For their part, Wendelin Wiedeking and Porsche can rely on the backing of the Porsche family as well as the Stuttgart branch of IG Metall led by Hans Baur, and the Christian Democratic-Free Democratic Party state government of Baden-Württemberg.

The chair of the Porsche works council, Uwe Hück, who last year defended Wiedeking’s annual salary of €60 million, has also spoken out against any special arrangement for VW. Hück struck an agreement with Porsche that the 12,000 workers employed at Porsche should receive voting rights in the VW parent company equal to those of the 320,000 VW employees—representing a dramatic loss in power for the VW trade unions.

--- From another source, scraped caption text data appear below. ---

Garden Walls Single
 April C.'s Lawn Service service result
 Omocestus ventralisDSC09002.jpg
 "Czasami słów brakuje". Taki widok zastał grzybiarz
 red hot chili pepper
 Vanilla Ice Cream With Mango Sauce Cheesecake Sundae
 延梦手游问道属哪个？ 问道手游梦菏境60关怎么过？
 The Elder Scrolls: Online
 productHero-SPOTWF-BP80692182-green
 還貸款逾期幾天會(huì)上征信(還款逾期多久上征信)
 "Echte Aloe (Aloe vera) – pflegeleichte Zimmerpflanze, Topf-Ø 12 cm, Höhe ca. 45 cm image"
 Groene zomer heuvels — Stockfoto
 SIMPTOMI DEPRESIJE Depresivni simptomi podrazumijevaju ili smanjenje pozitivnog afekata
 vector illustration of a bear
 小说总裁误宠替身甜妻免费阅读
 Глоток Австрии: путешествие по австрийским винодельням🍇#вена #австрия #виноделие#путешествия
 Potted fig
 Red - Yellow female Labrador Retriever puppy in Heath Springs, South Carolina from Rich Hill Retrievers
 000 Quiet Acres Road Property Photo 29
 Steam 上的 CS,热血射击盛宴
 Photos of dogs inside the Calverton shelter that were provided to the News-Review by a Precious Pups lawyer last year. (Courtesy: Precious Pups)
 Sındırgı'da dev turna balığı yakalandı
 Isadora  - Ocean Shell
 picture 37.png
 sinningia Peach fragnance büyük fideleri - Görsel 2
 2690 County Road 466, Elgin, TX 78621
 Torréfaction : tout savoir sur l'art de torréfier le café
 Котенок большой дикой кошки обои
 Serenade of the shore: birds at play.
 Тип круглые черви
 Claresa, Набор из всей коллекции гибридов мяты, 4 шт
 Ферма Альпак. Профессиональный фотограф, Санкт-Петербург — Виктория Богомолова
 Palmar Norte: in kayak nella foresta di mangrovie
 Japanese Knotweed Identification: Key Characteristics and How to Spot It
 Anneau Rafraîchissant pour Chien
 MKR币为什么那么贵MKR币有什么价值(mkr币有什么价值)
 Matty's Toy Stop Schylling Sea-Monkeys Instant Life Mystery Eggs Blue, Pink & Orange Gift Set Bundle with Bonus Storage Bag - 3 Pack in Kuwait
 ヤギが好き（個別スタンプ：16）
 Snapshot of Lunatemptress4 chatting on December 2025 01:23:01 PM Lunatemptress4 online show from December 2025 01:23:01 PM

The VW factory councils are vehemently opposed to such a loss of influence and have undertaken legal measures to oppose the deal. At the supervisory board meeting last Friday, IG Metall and works council representatives at VW requested that future projects between Porsche and VW, such as the use of VW engines in Porsche models, should require the agreement of the VW supervisory board. This would limit Porsche’s influence in future and award Piech veto rights in the company’s control committee.

The representatives on the employer side were opposed to the union demand, and the casting vote fell to Piech. Piech neglected to attend the meeting, however, thus enabling the union side to secure a majority.

Wolfgang Porsche, chairman of the Porsche supervisory board and also member of the VW supervisory board—and a cousin of Piech—reacted caustically: “I am furious with the voting tactics adopted by the VW supervisory board chairman.” Now, the Porsche clan is seeking to recall Piech as head of the VW supervisory board.

This dispute represents the latest chapter in the dispute for influence at VW between two of the most powerful business and family clans in Germany, Piech and Porsche. The fact that individual factory councils and trade union functionaries line up with one or other of these clans, while exploiting the respective company workforces for their own purposes, is further testimony to the right-wing policies of the unions.

VW workers must reject the line of the trade unions and undertake a principled campaign to defend their jobs and social conditions. This requires the adoption of a genuine socialist perspective and the struggle for a society that places the needs of the working population above the profit interests of investors and billionaire shareholders.